Task item | Could you print exactly the lines from the one that contains "Mantona Turnaround 360" to the end of the data, both ends included, and nothing else? Skip the pictures.

##### Source material #####

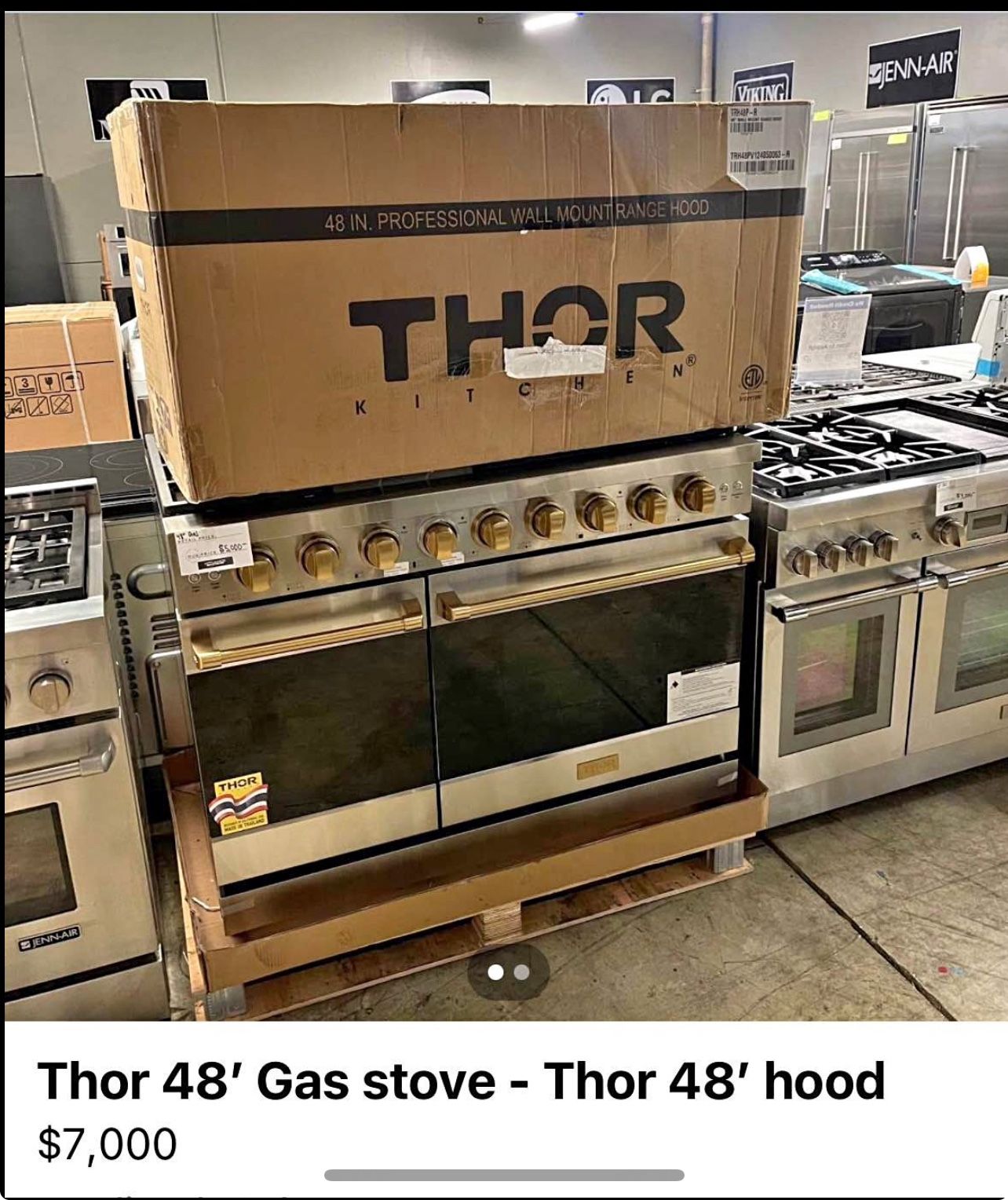 Thor 48’ Gordon Ramsay Collection New Gas Stove With 48 Hood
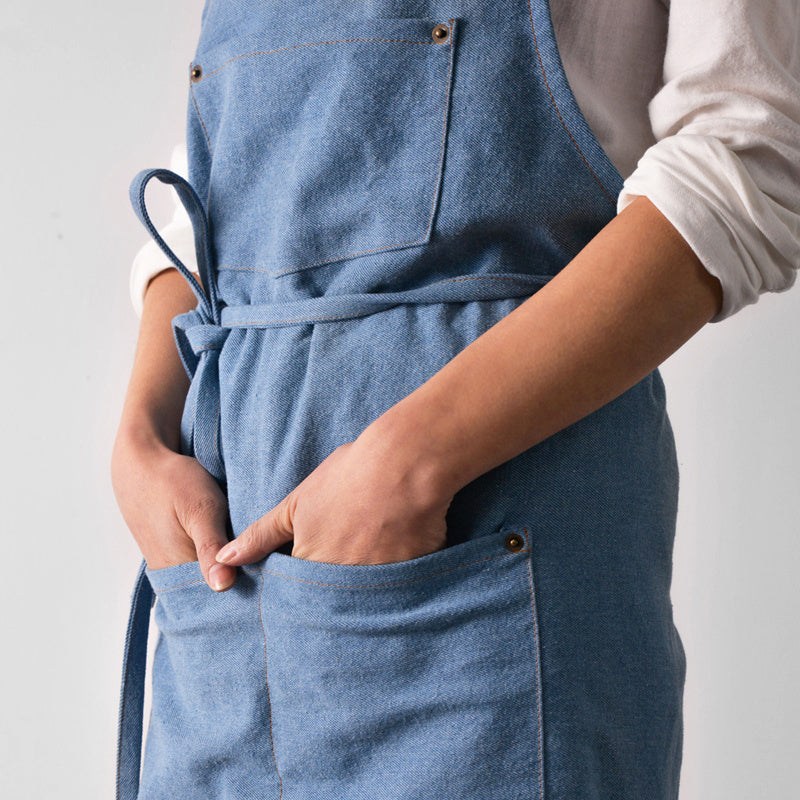 Canvas kitchen denim cotton apron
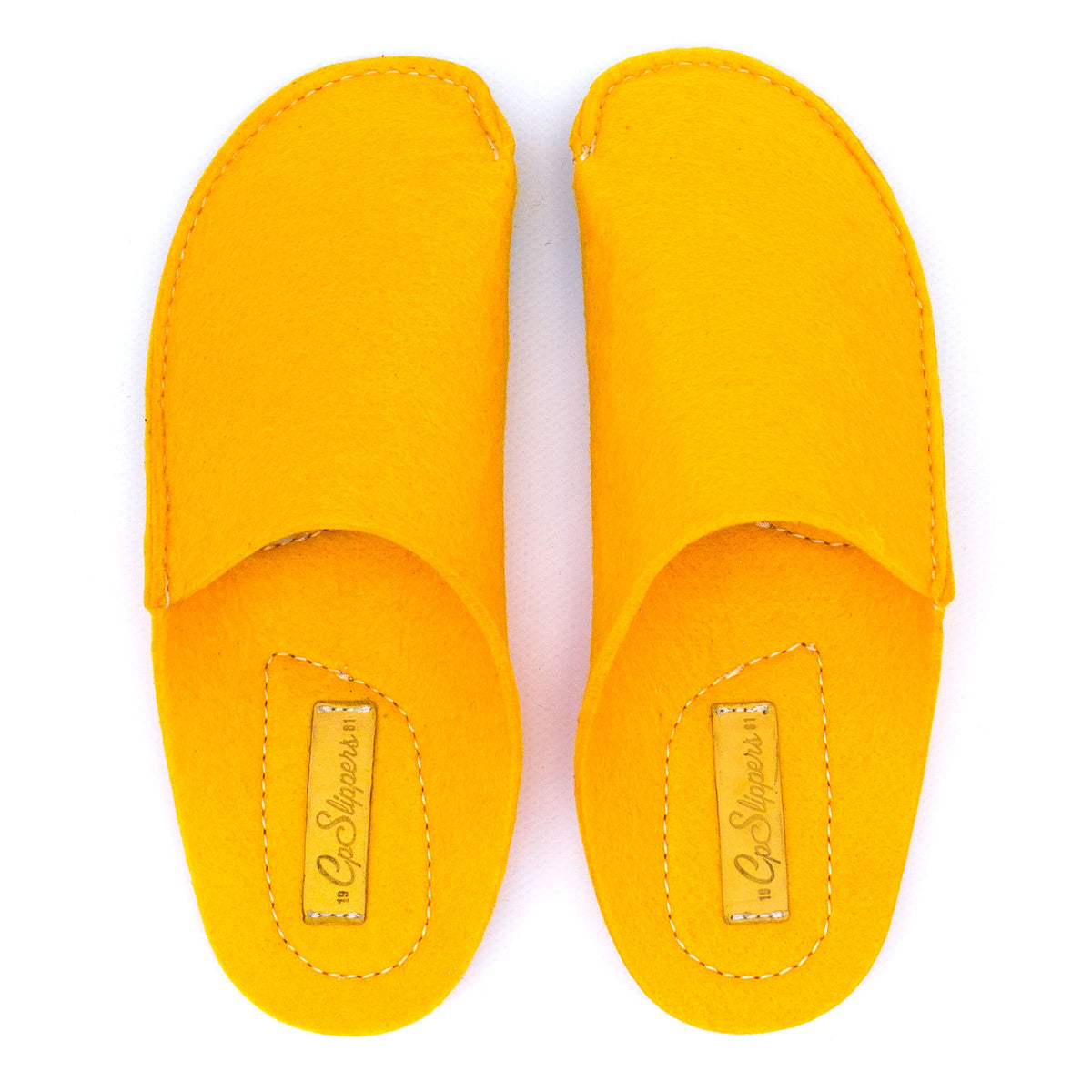 yellow slippers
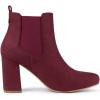 image:imageAllegra K Womens Round Toe Chunky High Heels Ankle Chelsea BootsBurgundy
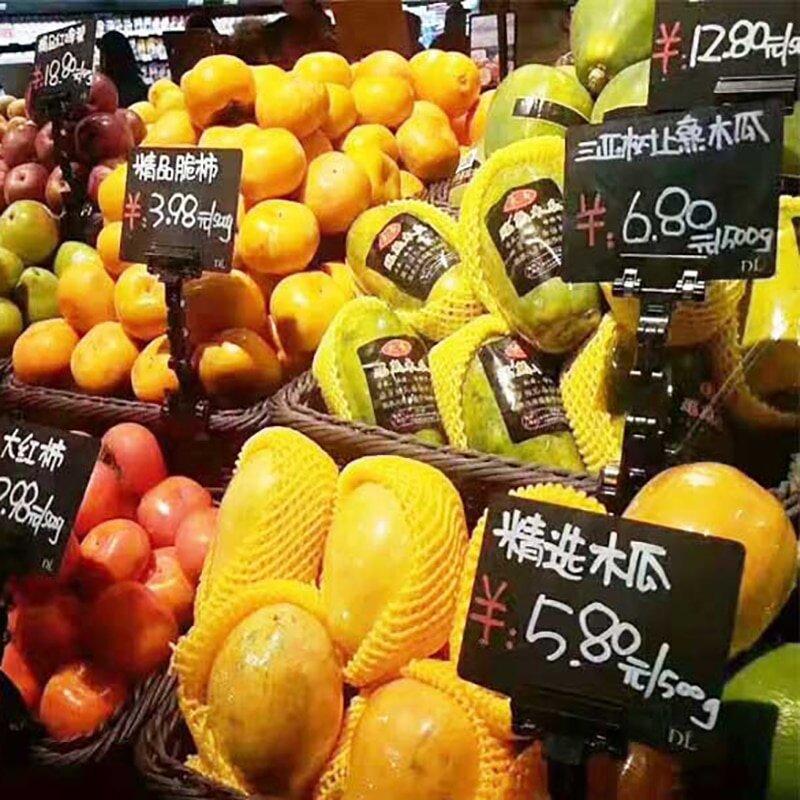 "AINNA Erasable Black Price Tag Card untuk Promosi Buah di Pasaraya - Ainna Store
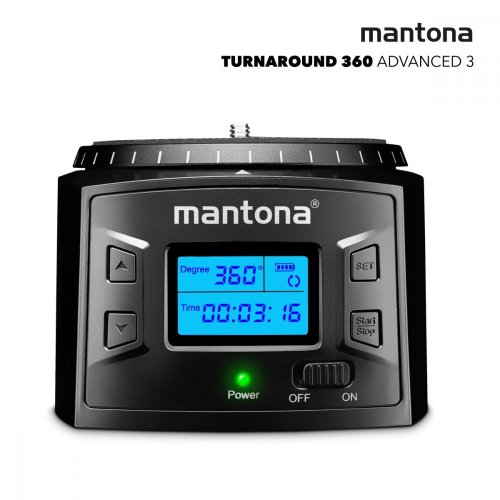 Mantona Turnaround 360 Advanced 3 Electric Panning Head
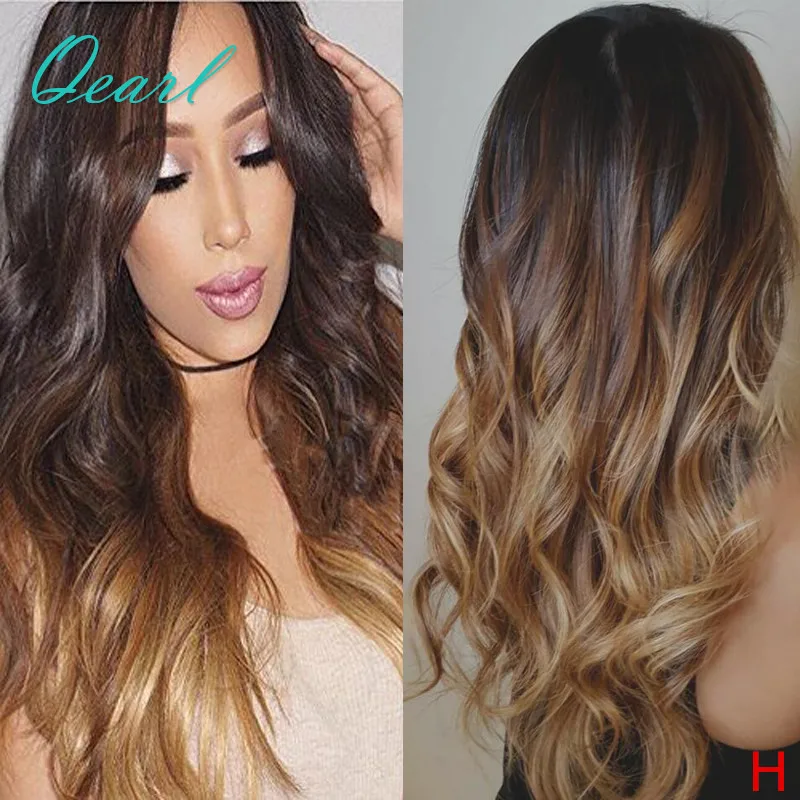 Человеческих волос Синтетические волосы на кружеве парики для Для женщин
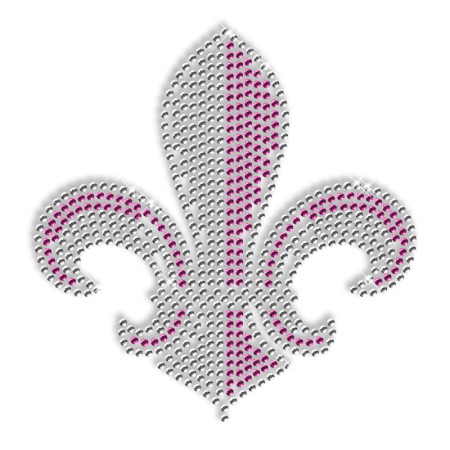 Colorful Rhinestone Fleur De Lis Design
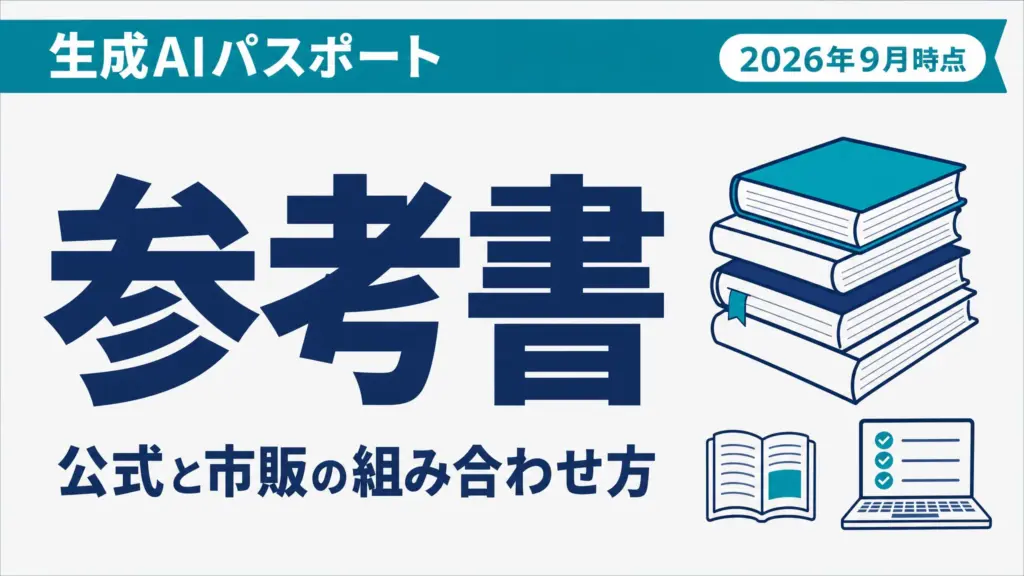 生成AIパスポートの参考書｜独学の教材の選び方と組み方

#####

Solution below |
 Mantona Turnaround 360 Advanced 3 Electric Panning Head
 Человеческих волос Синтетические волосы на кружеве парики для Для женщин
 Colorful Rhinestone Fleur De Lis Design
 生成AIパスポートの参考書｜独学の教材の選び方と組み方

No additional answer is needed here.